Robert Swan is getting his revenge.

Since being ousted by the White House from his seat on the National Credit Union Administration board, Mr. Swan has won the attention of Congress and the industry with serious allegations about the way NCUA Chairman Norman E. D'Amours runs the agency.

Mr. Swan is suing the administration, charging he should not have been discharged until his successor was confirmed by the Senate. His lawsuit is about more than trying to get his job back, however. Mr. Swan said he wants to put his accusations of a "totally out of hand" NCUA chairman on the record.

"It is important that people in the financial arena are aware that D'Amours is trying to either circumvent or totally eliminate the board's mandated responsibility for setting policy for credit unions," Mr. Swan said in an interview this week. "These things were never intended to be one person's decision - they should be board decisions."

A number of Mr. Swan's allegations were supported by NCUA Vice Chairman Shirlee P. Bowne.

In an interview Wednesday, Mr. D'Amours flatly denied any wrongdoing, declining to elaborate. "I'm not going to get involved in petty name- calling or nit-picking," he said.

Mr. Swan said the NCUA under Mr. D'Amours is a tightly controlled agency where debate is stifled, information is controlled, and the staff answers only to the chairman.

His allegations have compounded problems caused by last year's failure of Capital Corporate Federal Credit Union, which cost 251 credit unions $23 million.

Some industry executives are even suggesting that Mr. D'Amours step down.

"This is sickening," said John Annaloro, senior vice president of public and government relations at the California Credit Union League. "It's time for a change at NCUA - it appears the President fired the wrong guy."

Mr. Swan's complaints have attracted the attention of Congress as well.

Rep. Spencer Bachus, R-Ala., held a hearing last week to delve into Mr. Swan's ouster. The administration used a "recess appointment" to install banking lawyer Yolanda T. Wheat in place of Mr. Swan, whose six-year term ended in August.

The focus of the hearing quickly shifted to accusations of mismanagement at the NCUA. Rep. Bachus said he would call Mr. D'Amours and the agency's executive director, Karl Hoyle, before his House Banking investigations subcommittee to look into Mr. Swan's charges.

Mr. Swan's claims could be dismissed as the rantings of a man mistreated. But a number of sources - including Ms. Bowne - confirmed the picture Mr. Swan has painted of the NCUA under Mr. D'Amours.

In an interview this week, Ms. Bowne said getting information from senior staff became extremely difficult after Mr. D'Amours took charge of the agency in November 1993.

In the past, she said, there was a "give and take" - staff felt comfortable enough to "disagree openly" with each other and board members. These days staff members are "guarded" about talking to board members and there is a "lack of openness," Ms. Bowne said. She added she often resorts to getting information from sources outside the agency.

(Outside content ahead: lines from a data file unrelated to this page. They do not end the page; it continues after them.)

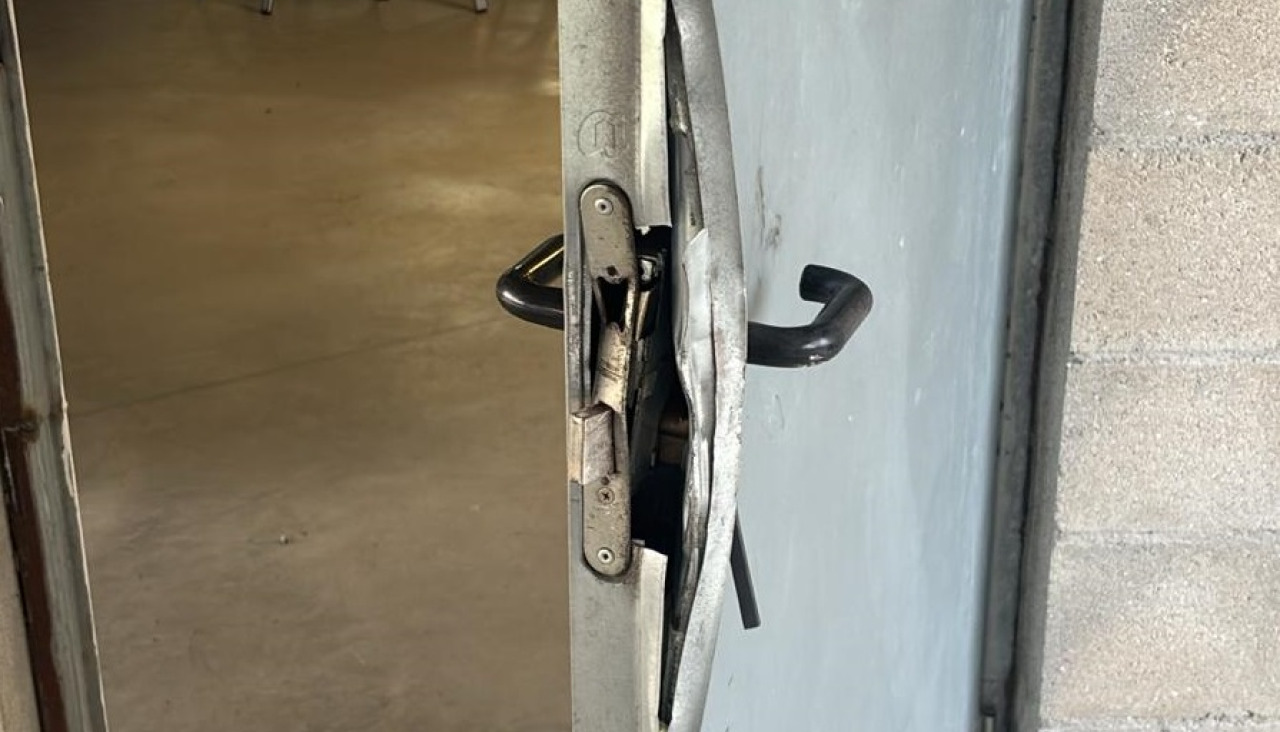 Los ladrones entraron la noche del viernes al sábado, forzando una puerta que da acceso a la grada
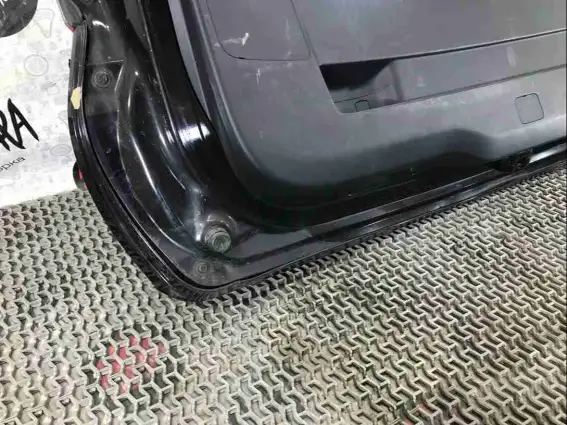 Фото запчасти Крышка багажника (дверь 3-5)  Honda Civic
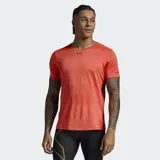 Remera deportiva 2XU de manga corta, color naranja, con zonas de ventilación diseñadas en el pecho y la espalda. Confeccionada en tejido ultrafino de secado rápido con acabados lisos para reducir rozaduras y detalles reflectantes.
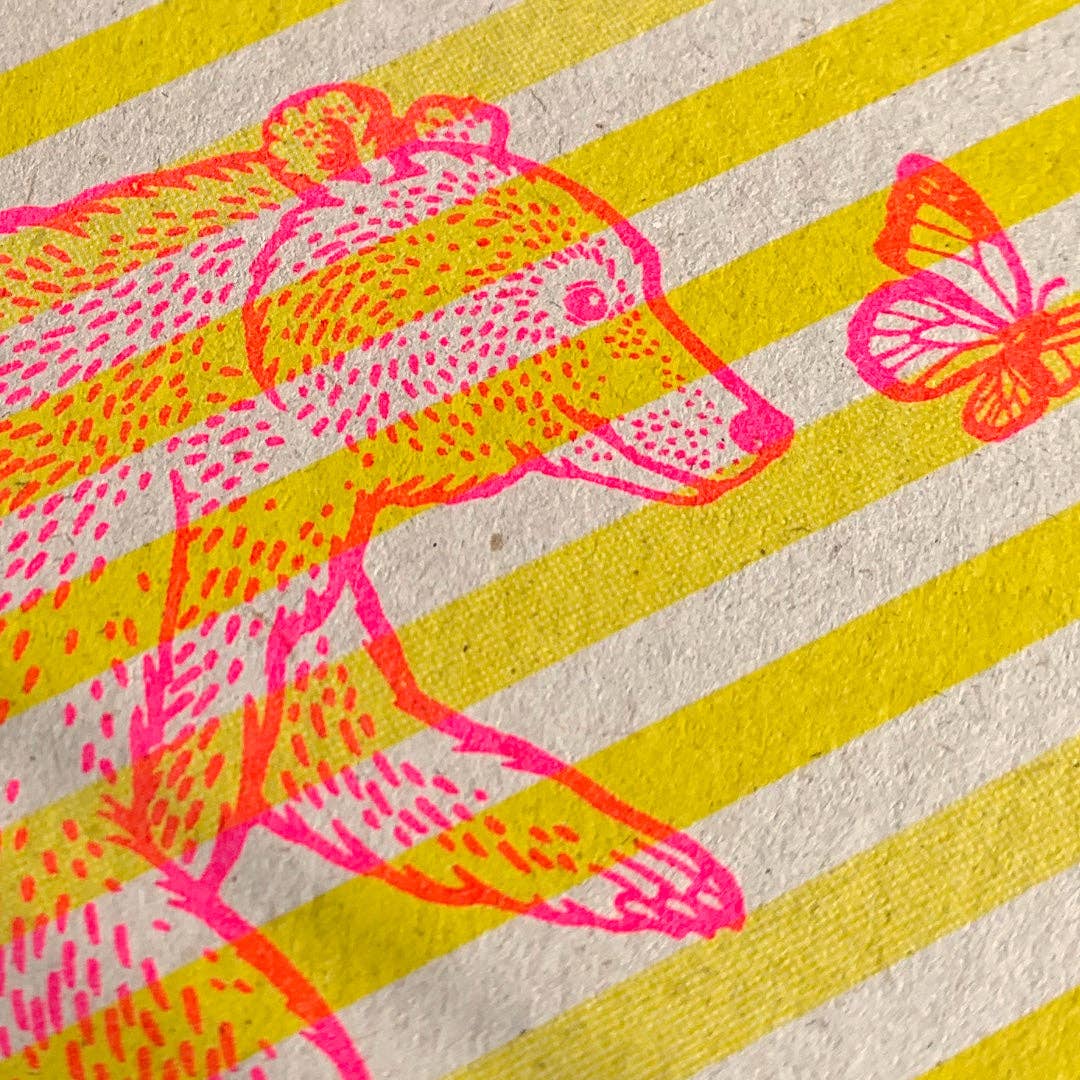 Ansichtkaart / Beer op een eenwieler met vlinder / Riso Print
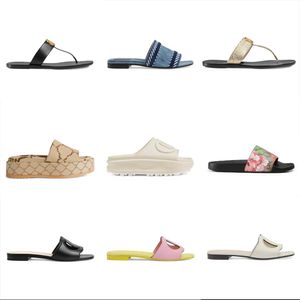 Sandálias de designer 10A Mulheres chinelas de verão Moda de borracha Flipes Sapatos de grife planos lâminas de praia causal beia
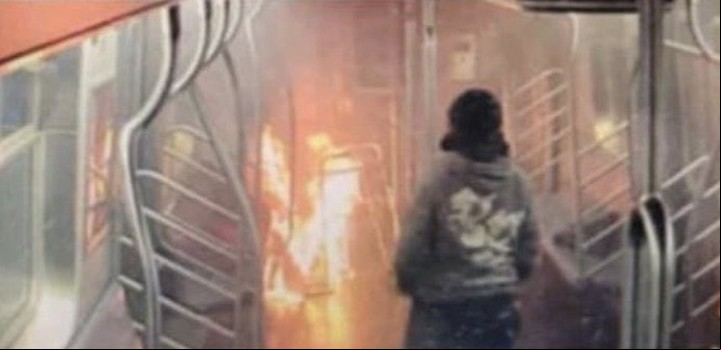 La Policía aseguró que la mujer murió por un incendio provocado por un hombre que prendió sus ropas con un mechero.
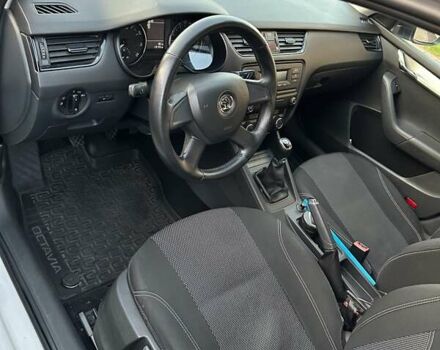 Білий Шкода Октавія, об'ємом двигуна 1.2 л та пробігом 149 тис. км за 8300 $, фото 2 на Automoto.ua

"Do I have any absolute knowledge that staff is being told to withhold information? I can't say that," said Ms. Bowne, who was appointed to the NCUA board in October 1991, "but there is a great deal of difference in the way information flows now as compared to my first two years here."

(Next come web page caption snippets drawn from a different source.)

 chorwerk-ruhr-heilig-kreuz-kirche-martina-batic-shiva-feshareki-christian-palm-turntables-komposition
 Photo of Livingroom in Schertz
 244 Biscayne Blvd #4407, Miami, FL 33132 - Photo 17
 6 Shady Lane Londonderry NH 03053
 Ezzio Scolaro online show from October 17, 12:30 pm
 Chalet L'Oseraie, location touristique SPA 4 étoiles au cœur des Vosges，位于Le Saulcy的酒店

Ms. Bowne also recounted a ruling made by the general counsel's office that certain documents were not to be given to board members unless Mr. Hoyle had granted permission.

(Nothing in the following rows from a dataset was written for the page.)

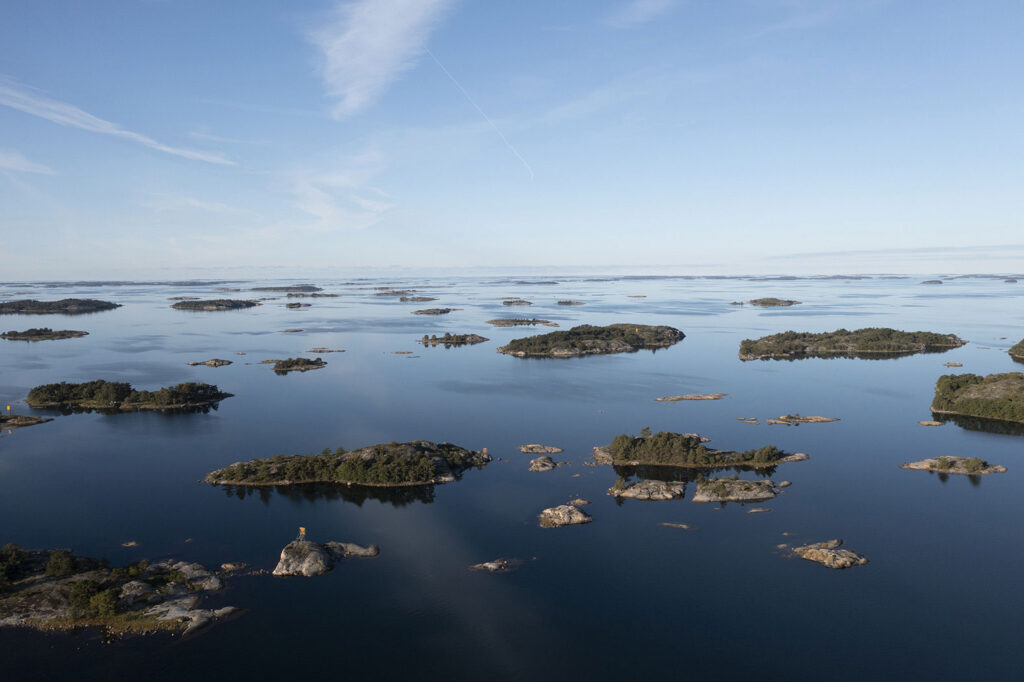 Joukko korkean tason asiantuntijoita kokoontui Saaristomeren ja Itämeren huippukokoukseen keskustelemaan meren tämän hetken tilanteesta ja tulevaisuuden kuvasta kestävän kehityksen hengessä.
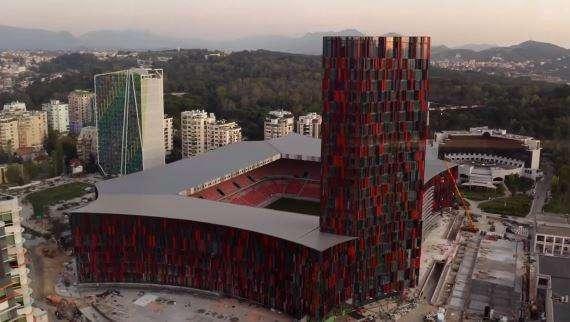 CASAMONTI, Andare allo stadio da eroi. Il restyling...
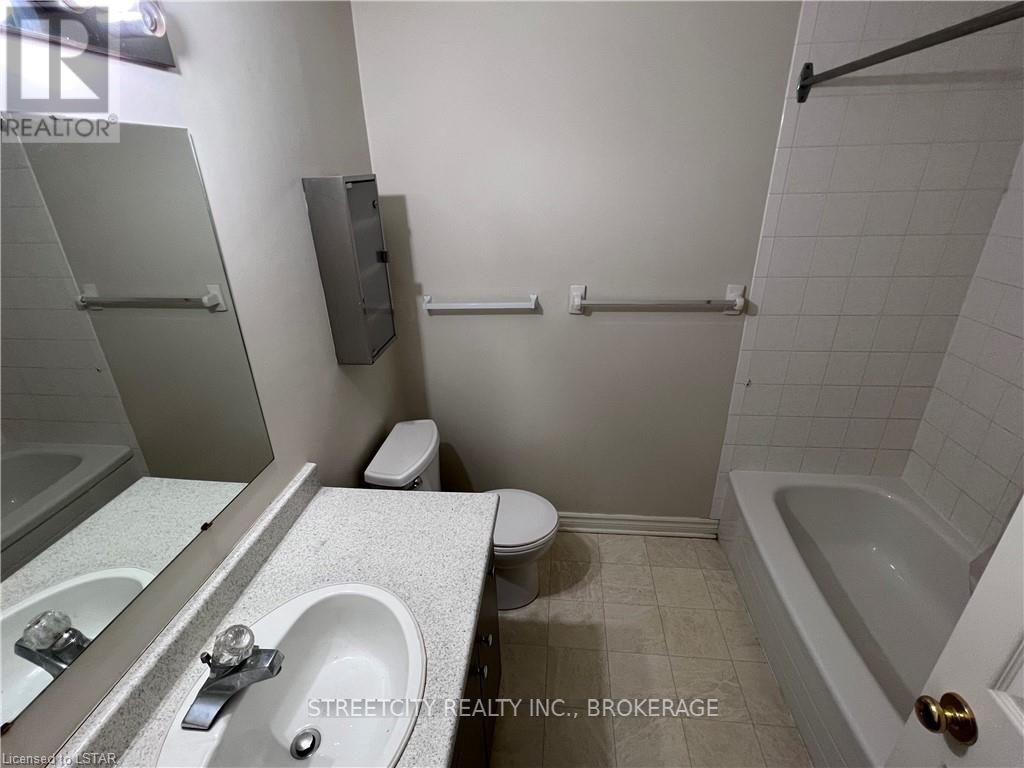 51 - 70 Sunnyside Drive, London, Ontario  N5X 3W5 - Photo 13 - X8098364
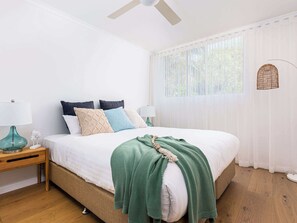 2 bedrooms, iron/ironing board, WiFi, bed sheets - The Beach Pad Bondi Beach (Bondi Beach)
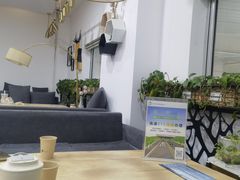 -青岛中升沃茂沃尔沃4S店(市北店)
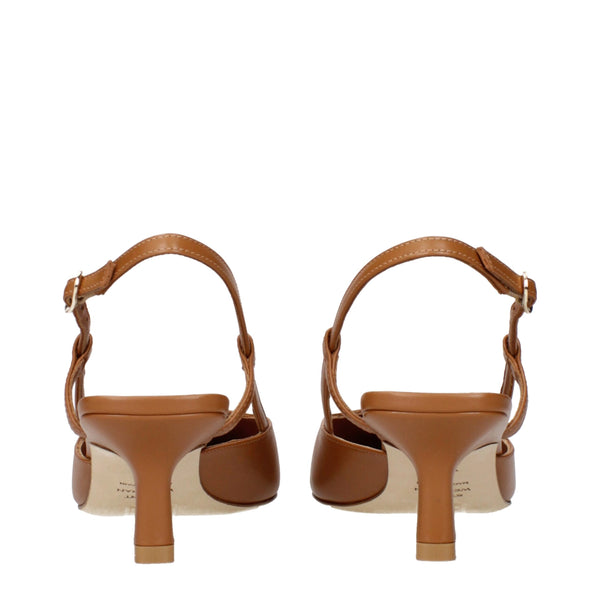 Braune Leder Pumps mit mittlerem Absatz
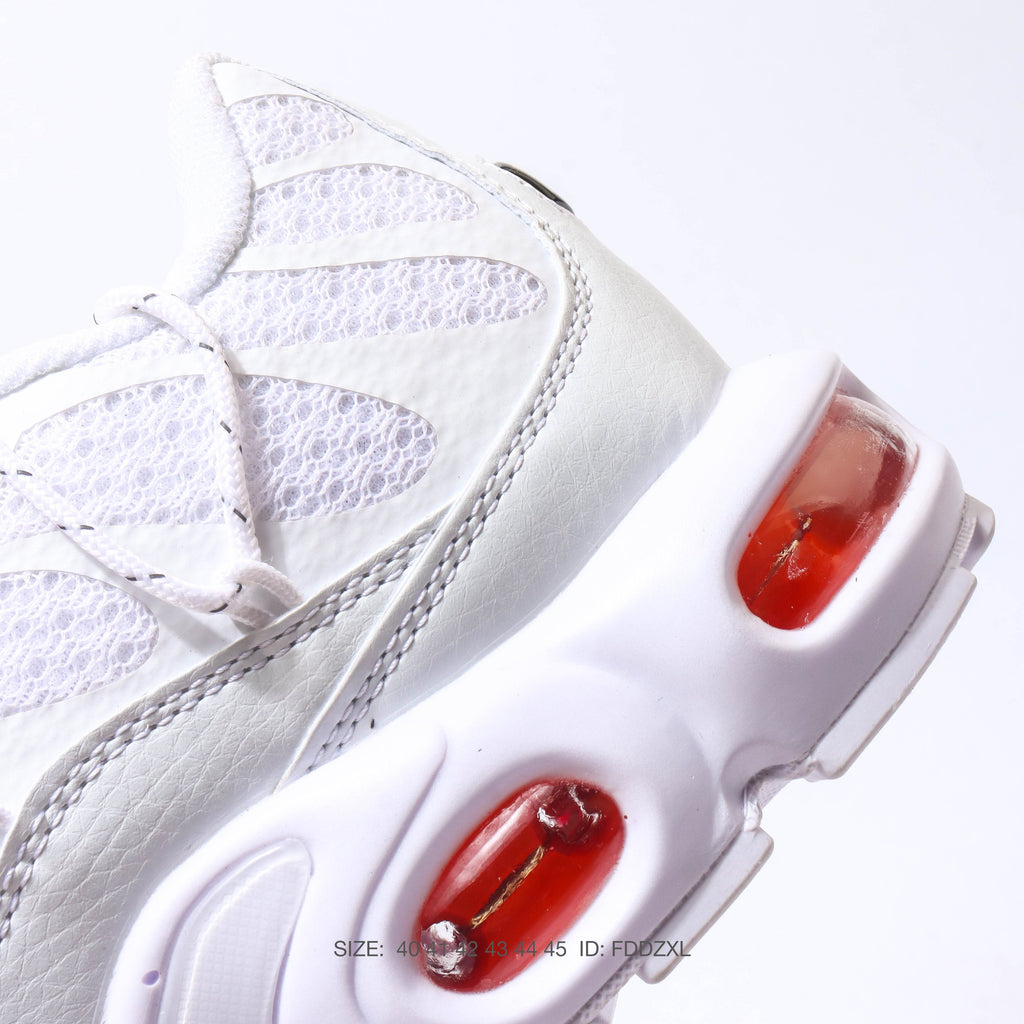 NIKE Air Max Plus Utility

When she learned of the ruling, Ms. Bowne said she went to Mr. D'Amours to complain.

"I'm a board member; I'm entitled to have anything," Ms. Bowne said she told Mr. D'Amours. "I hold any senior staff person who provides information pertinent to an issue and fails to advise me accountable; it doesn't have to be approved by Hoyle or you."

Charles Zuver, executive vice president of the Credit Union National Association, said he fears that the claims of mismanagement at the NCUA board will cause reactions on Capitol Hill similar to those prompted by the failure of Cap Corp in January 1995.

In response to NCUA's liquidation of Cap Corp, Senate Banking Committee Chairman Alfonse M. D'Amato introduced a bill to tighten the agency's oversight of state-chartered institutions.

"This will make members of Congress and the administration start saying, 'Maybe these people need some real adult supervision,' " Mr. Zuver said. "It doesn't bode well for the agency, or for credit unions."